Aquellos que mantienen firme su fe, firme su profesión en la esperanza de que Él cumplirá sus promesas, serán los que no se detienen en las circunstancias, sino que mirarán por encima de ellas.

Aquellos que creen harán que su fe se entienda con las cosas sobrenaturales, sean visibles o invisibles, esto es así porque la fe no se apoya en lo que puede verse o tocarse sino en aquello en lo que Dios ha dicho.

Quien quiera volar deberá abrir sus alas y lanzarse al vacío, quien quiera nadar deberá despojarse de su ropa y lanzarse a los lugares profundos del mar. Aquel que quiera creer no deberá apoyarse en nada excepto en las promesas inalteradas de Dios en su Palabra. Es en el momento en el que damos el primer paso al vacío, cuando descubrimos aún un lugar solido por el que avanzar.

La Palabra de Dios está repleta de ejemplos sobre personas que creyeron sin paliativos a la promesa divina y recibieron sus respuestas: Moisés al frente de Israel en el Mar Rojo, el clamor de Ezequías por su enfermedad, la oración de Josafat ante la inminente amenaza o la firmeza de los tres judíos lanzados al horno de fuego. Ninguno de estos se derrumbó ante la necesidad o la desesperación, siguieron esperando en Dios y pusieron su causa en sus manos.

Y esto no es solamente cosa del pasado, aún hoy las maravillas de Dios se manifiestan para los que creen. Aún hoy los hijos atribulados son librados de la desesperación y la incredulidad.

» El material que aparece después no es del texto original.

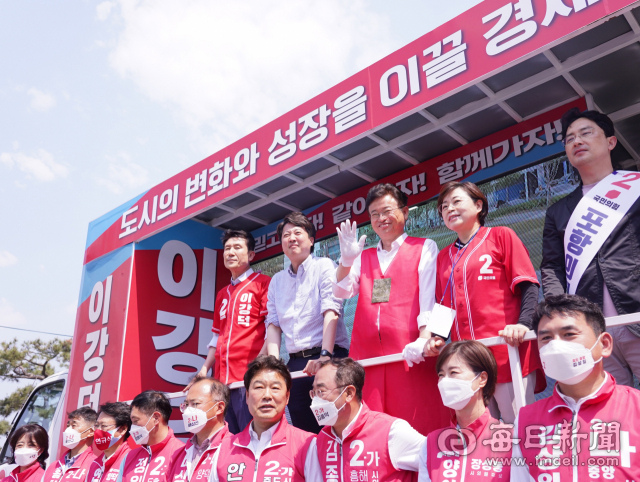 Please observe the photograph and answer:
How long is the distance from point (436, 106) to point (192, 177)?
245cm

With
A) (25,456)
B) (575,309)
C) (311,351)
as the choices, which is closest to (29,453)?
(25,456)

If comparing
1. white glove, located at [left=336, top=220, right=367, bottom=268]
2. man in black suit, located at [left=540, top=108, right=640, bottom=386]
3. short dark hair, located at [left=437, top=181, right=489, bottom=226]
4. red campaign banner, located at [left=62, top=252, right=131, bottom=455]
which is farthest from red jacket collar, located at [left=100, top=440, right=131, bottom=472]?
man in black suit, located at [left=540, top=108, right=640, bottom=386]

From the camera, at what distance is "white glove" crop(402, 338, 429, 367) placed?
2.71 metres

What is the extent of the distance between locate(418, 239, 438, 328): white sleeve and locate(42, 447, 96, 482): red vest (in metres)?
3.29

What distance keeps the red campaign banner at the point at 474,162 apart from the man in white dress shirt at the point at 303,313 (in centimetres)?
139

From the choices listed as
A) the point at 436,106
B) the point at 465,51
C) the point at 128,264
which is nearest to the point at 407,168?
the point at 436,106

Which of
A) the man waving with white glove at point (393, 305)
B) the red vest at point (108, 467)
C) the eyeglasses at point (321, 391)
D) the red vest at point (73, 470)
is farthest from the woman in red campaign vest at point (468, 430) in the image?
the red vest at point (73, 470)

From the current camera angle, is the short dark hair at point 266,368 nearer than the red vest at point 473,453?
No

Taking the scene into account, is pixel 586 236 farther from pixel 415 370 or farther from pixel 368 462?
pixel 368 462

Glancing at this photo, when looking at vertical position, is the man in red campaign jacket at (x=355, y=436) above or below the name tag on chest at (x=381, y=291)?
below

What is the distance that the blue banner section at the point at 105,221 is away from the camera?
608cm

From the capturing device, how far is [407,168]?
509cm

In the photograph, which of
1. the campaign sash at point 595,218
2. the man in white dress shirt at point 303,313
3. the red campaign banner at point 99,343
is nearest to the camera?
the campaign sash at point 595,218

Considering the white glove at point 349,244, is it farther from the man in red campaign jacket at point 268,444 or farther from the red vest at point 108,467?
the red vest at point 108,467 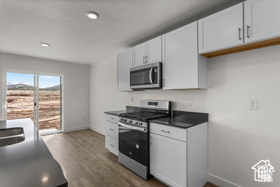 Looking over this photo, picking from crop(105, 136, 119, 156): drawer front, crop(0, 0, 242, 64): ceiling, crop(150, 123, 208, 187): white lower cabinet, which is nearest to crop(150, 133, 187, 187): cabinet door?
crop(150, 123, 208, 187): white lower cabinet

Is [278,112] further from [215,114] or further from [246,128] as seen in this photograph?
[215,114]

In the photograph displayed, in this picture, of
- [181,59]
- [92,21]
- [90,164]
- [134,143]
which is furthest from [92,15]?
[90,164]

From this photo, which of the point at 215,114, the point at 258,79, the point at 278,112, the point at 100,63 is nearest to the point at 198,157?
the point at 215,114

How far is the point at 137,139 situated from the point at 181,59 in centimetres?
141

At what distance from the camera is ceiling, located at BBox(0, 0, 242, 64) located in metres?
1.79

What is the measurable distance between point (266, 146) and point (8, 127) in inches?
123

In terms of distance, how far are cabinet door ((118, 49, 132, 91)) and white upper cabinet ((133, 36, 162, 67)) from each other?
0.62ft

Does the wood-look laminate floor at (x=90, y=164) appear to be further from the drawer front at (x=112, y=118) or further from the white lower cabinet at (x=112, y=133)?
the drawer front at (x=112, y=118)

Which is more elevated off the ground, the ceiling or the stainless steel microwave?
the ceiling

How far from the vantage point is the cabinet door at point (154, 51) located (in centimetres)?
239

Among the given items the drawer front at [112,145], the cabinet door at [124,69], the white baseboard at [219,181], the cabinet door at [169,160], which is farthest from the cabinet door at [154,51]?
the white baseboard at [219,181]

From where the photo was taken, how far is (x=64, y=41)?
9.84ft

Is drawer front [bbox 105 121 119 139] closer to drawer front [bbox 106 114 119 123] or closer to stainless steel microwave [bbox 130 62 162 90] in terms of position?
drawer front [bbox 106 114 119 123]

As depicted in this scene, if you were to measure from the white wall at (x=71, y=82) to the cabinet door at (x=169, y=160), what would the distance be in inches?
150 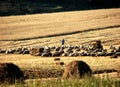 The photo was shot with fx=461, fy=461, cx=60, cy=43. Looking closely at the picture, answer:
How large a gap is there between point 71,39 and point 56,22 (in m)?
14.1

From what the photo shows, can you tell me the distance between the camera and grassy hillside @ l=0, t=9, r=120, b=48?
128 ft

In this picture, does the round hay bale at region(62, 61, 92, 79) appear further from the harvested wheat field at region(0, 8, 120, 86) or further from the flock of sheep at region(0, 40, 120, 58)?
the flock of sheep at region(0, 40, 120, 58)

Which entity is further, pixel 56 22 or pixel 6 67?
pixel 56 22

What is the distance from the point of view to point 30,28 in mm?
49125

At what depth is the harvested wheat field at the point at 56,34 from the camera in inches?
916

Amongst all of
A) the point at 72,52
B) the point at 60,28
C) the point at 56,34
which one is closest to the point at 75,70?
the point at 72,52

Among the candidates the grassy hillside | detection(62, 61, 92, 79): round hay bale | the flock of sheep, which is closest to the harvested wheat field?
the grassy hillside

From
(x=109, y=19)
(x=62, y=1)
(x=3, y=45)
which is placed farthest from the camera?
(x=62, y=1)

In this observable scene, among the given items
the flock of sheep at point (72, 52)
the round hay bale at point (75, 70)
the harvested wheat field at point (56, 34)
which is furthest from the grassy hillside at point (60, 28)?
the round hay bale at point (75, 70)

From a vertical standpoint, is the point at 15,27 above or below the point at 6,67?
below

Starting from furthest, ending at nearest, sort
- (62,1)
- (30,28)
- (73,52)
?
(62,1), (30,28), (73,52)

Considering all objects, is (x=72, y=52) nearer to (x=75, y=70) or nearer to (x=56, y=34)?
(x=75, y=70)

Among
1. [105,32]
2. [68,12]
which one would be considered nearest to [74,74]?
[105,32]

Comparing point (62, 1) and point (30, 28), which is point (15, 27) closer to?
point (30, 28)
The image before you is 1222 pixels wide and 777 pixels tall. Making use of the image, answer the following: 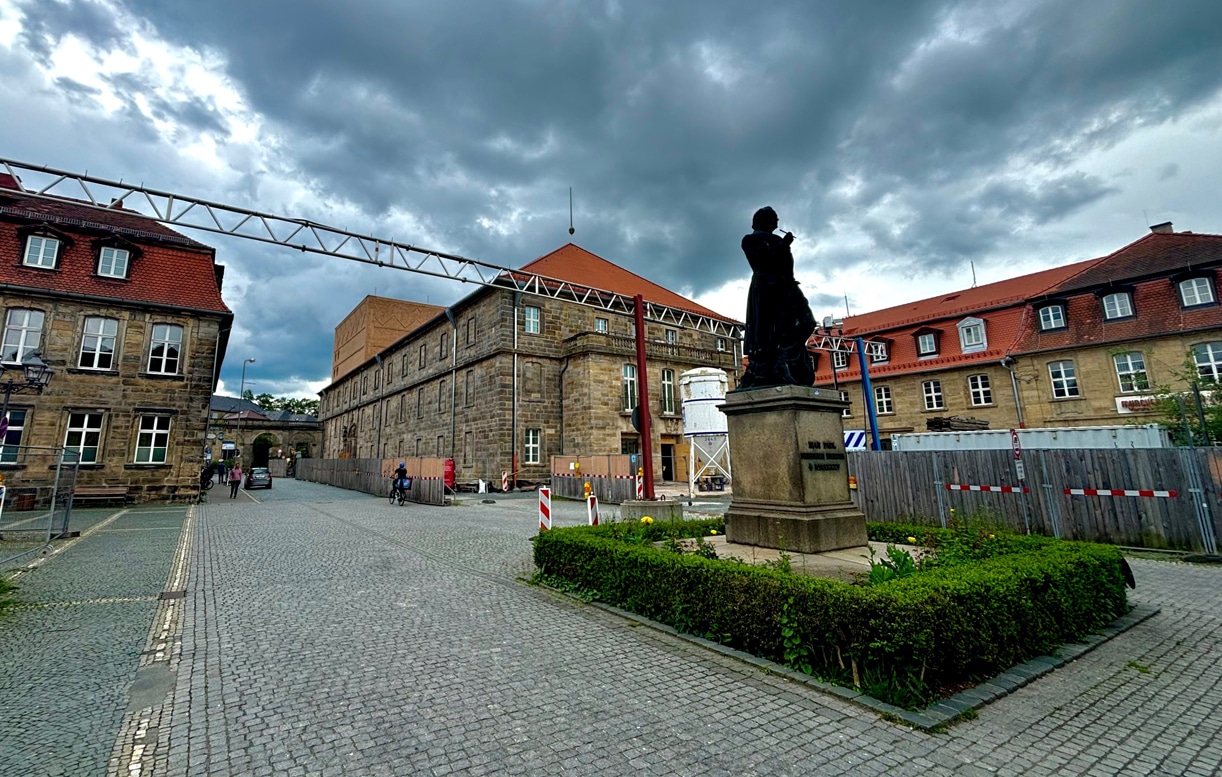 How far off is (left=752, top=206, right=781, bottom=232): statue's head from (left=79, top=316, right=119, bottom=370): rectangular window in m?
24.9

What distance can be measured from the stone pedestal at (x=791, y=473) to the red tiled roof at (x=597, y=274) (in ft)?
78.2

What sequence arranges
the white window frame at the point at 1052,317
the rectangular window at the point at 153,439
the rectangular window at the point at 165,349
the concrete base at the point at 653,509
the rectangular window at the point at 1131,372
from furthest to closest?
the white window frame at the point at 1052,317, the rectangular window at the point at 1131,372, the rectangular window at the point at 165,349, the rectangular window at the point at 153,439, the concrete base at the point at 653,509

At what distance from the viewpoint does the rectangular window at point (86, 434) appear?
19734mm

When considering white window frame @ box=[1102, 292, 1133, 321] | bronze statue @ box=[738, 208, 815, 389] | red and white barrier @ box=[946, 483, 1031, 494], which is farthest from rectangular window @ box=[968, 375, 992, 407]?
bronze statue @ box=[738, 208, 815, 389]

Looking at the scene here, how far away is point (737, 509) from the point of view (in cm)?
691

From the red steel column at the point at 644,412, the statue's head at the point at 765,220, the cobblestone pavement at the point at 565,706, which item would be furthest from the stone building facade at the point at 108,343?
the statue's head at the point at 765,220

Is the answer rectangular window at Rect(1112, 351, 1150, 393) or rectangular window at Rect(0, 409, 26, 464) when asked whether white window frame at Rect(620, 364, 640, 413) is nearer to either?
rectangular window at Rect(1112, 351, 1150, 393)

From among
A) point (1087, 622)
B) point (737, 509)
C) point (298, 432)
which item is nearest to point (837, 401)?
point (737, 509)

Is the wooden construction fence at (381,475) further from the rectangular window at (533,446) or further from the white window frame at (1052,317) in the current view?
the white window frame at (1052,317)

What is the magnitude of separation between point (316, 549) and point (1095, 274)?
109ft

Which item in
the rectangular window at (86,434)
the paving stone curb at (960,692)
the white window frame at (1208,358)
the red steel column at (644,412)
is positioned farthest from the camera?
the white window frame at (1208,358)

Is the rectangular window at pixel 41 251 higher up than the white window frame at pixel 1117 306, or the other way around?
the rectangular window at pixel 41 251

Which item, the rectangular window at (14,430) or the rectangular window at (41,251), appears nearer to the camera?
the rectangular window at (14,430)

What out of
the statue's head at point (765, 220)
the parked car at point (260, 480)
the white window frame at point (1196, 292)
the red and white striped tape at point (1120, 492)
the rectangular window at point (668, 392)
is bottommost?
the red and white striped tape at point (1120, 492) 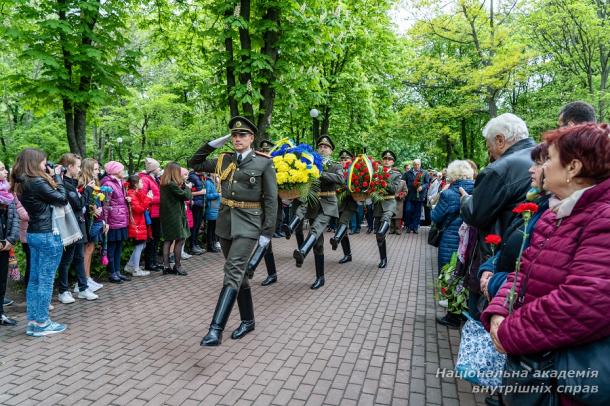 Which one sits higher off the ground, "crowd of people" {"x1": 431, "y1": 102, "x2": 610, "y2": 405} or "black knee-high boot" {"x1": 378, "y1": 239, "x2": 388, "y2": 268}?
"crowd of people" {"x1": 431, "y1": 102, "x2": 610, "y2": 405}

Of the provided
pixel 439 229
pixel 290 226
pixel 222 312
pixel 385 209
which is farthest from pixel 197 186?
pixel 439 229

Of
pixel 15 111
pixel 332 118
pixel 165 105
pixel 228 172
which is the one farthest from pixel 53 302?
pixel 15 111

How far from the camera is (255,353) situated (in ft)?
14.3

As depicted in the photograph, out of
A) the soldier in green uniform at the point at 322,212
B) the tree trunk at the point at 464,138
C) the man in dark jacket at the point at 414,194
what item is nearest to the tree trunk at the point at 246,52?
the soldier in green uniform at the point at 322,212

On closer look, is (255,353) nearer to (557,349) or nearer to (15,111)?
(557,349)

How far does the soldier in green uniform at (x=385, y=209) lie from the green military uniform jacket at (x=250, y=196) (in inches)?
163

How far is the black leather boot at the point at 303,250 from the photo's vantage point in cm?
658

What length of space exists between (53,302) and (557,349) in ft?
20.9

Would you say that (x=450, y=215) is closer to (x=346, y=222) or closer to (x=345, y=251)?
(x=346, y=222)

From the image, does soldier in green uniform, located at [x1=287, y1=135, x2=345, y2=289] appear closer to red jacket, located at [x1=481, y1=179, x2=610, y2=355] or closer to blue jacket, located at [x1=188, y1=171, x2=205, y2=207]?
blue jacket, located at [x1=188, y1=171, x2=205, y2=207]

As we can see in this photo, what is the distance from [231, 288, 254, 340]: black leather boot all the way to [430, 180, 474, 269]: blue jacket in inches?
102

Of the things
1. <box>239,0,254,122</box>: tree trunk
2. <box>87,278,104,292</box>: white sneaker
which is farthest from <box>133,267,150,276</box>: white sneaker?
<box>239,0,254,122</box>: tree trunk

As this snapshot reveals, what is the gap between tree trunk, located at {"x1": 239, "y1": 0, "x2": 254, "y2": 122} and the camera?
9.15 metres

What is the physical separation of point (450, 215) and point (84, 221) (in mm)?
5250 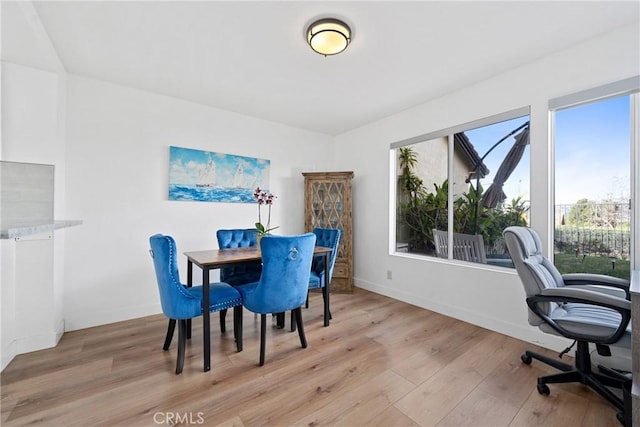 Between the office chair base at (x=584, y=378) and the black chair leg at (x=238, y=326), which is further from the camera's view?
the black chair leg at (x=238, y=326)

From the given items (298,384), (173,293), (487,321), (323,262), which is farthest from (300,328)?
(487,321)

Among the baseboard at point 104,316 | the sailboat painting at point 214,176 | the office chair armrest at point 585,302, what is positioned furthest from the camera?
the sailboat painting at point 214,176

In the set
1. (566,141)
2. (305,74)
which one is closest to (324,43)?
(305,74)

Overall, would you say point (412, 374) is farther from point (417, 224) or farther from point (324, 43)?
point (324, 43)

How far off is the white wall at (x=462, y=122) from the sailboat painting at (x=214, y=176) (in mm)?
1621

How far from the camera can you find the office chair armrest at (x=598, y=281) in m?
1.77

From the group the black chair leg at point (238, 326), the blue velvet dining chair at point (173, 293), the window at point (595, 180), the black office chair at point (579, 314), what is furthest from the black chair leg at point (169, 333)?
the window at point (595, 180)

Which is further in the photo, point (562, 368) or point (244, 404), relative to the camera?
point (562, 368)

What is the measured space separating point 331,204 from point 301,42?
2.33 m

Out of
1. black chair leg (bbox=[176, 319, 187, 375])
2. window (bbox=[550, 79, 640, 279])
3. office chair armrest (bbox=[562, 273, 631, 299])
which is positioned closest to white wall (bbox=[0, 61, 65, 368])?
black chair leg (bbox=[176, 319, 187, 375])

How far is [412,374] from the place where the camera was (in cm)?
186

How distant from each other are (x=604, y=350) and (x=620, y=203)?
3.70 ft

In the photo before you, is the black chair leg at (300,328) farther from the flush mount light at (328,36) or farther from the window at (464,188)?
the flush mount light at (328,36)

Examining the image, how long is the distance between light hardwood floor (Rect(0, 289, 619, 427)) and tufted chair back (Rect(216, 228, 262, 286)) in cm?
51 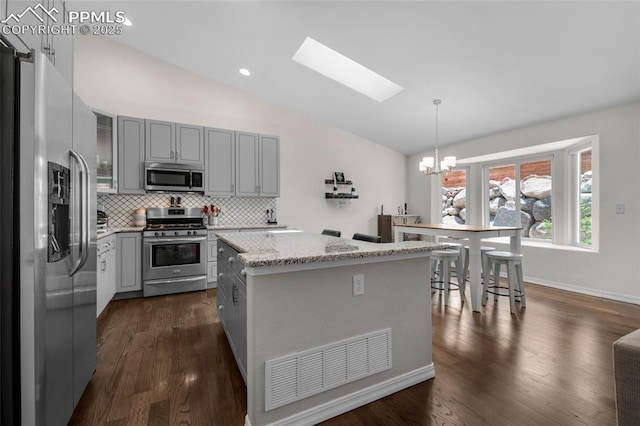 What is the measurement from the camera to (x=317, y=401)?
62.0 inches

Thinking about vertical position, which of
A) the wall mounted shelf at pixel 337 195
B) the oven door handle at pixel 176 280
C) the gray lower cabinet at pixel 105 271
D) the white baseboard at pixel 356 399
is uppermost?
the wall mounted shelf at pixel 337 195

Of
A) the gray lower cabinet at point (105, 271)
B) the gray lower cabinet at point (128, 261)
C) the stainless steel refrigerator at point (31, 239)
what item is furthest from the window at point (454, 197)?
the stainless steel refrigerator at point (31, 239)

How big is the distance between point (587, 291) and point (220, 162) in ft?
18.1

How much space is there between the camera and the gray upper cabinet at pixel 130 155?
3.92 metres

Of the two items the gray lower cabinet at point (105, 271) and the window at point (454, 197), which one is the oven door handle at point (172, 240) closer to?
the gray lower cabinet at point (105, 271)

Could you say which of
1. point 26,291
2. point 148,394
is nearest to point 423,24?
point 26,291

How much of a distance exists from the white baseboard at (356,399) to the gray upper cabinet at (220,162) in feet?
11.6

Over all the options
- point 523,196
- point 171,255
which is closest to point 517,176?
point 523,196

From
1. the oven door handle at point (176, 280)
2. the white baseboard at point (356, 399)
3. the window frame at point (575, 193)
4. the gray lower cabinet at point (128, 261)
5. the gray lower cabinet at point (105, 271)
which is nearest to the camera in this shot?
the white baseboard at point (356, 399)

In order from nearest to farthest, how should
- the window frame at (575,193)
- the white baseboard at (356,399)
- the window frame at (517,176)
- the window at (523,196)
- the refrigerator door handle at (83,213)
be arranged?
the refrigerator door handle at (83,213) → the white baseboard at (356,399) → the window frame at (575,193) → the window frame at (517,176) → the window at (523,196)

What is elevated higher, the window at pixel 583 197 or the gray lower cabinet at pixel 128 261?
the window at pixel 583 197

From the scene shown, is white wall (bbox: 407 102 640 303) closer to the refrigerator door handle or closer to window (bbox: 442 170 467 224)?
window (bbox: 442 170 467 224)

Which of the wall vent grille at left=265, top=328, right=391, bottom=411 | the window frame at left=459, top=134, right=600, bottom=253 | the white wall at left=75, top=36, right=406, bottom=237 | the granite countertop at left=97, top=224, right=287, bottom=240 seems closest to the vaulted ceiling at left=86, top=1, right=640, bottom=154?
the white wall at left=75, top=36, right=406, bottom=237

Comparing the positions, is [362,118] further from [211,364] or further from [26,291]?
[26,291] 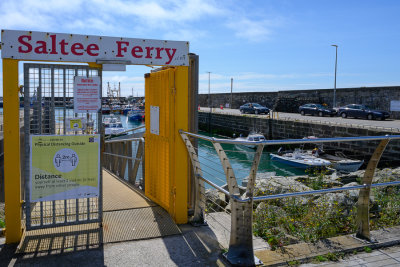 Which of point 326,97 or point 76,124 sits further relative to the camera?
point 326,97

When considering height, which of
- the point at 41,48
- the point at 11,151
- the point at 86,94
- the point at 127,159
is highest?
the point at 41,48

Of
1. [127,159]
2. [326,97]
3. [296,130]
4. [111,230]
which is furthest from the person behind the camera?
[326,97]

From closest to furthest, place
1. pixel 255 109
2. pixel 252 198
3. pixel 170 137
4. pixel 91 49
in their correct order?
pixel 252 198
pixel 91 49
pixel 170 137
pixel 255 109

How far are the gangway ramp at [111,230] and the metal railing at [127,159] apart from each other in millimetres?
1638

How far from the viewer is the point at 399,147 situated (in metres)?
22.0

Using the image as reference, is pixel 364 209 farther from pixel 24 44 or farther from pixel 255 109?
pixel 255 109

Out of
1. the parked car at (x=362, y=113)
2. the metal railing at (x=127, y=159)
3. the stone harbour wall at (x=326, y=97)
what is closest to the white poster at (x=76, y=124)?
the metal railing at (x=127, y=159)

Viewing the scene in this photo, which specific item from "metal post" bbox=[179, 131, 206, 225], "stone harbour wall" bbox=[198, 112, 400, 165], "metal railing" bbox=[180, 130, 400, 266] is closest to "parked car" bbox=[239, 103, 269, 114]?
"stone harbour wall" bbox=[198, 112, 400, 165]

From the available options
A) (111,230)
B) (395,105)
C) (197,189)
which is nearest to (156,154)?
(197,189)

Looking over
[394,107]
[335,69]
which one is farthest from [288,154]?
[335,69]

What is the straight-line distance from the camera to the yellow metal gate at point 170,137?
15.9 feet

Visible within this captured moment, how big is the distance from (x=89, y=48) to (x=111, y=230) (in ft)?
7.35

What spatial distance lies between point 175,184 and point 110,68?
5.62 feet

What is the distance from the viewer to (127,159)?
8555mm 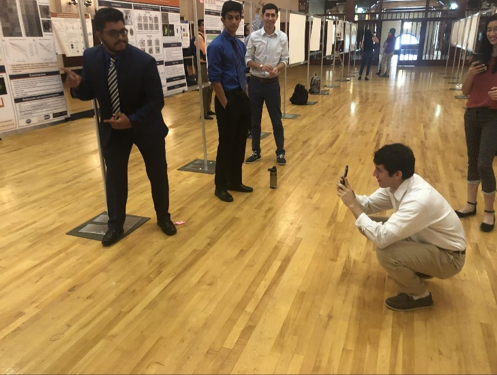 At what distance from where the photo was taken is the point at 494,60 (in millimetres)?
2809

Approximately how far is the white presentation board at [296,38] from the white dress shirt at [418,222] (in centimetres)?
540

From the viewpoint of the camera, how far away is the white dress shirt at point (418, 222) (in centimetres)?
201

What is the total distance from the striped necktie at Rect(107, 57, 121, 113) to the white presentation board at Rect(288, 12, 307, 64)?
4.90 meters

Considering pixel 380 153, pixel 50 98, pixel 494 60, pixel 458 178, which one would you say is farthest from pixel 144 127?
pixel 458 178

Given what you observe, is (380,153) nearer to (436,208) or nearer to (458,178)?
(436,208)

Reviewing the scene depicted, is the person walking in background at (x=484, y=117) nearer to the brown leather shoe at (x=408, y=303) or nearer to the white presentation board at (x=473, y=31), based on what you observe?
the brown leather shoe at (x=408, y=303)

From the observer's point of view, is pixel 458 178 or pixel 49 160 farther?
pixel 49 160

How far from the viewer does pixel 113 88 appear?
8.59ft

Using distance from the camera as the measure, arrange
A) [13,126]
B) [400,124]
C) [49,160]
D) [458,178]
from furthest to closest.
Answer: [400,124] → [49,160] → [458,178] → [13,126]

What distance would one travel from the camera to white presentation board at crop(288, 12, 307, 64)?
7.08 m

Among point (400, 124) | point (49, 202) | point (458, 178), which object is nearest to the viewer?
point (49, 202)

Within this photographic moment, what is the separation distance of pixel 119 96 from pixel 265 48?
2.25m

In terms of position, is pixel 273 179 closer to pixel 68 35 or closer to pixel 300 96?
pixel 68 35

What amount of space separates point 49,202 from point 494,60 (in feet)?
12.5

Un día, cuando Vinita estaba orando en su casa con su pastor y su familia, los extremistas hindúes irrumpieron y comenzaron a atacarlos con barras de hierro. Tiraron a su pequeña al suelo y los golpearon a todos sin piedad.

Además de esto, cuando llegaron al hospital público, el personal médico se negó a atenderlos debido a las amenazas de los agresores. Pero gracias a los colaboradores locales de Puertas Abiertas en India, los llevaron a un hospital privado para que se recuperasen de sus heridas.

Vinita y su familia mantuvieron firme su confianza en Dios y hoy puede confesar su agradecimiento por su cuidado en esta situación tan dura: «Doy gracias a Dios por bendecirnos inmensamente. Incluso en esta difícil situación, nuestro Padre nos ha ayudado».

Aún hoy, Vinita mantiene firme su esperanza.

Recuerda, si estás pasando por pruebas y tribulaciones, debes mantener tu ánimo y confianza en Jesús. Expón a Él tu causa y sabrá darte la respuesta que necesitas. Así ha sido siempre y así seguirá siendo.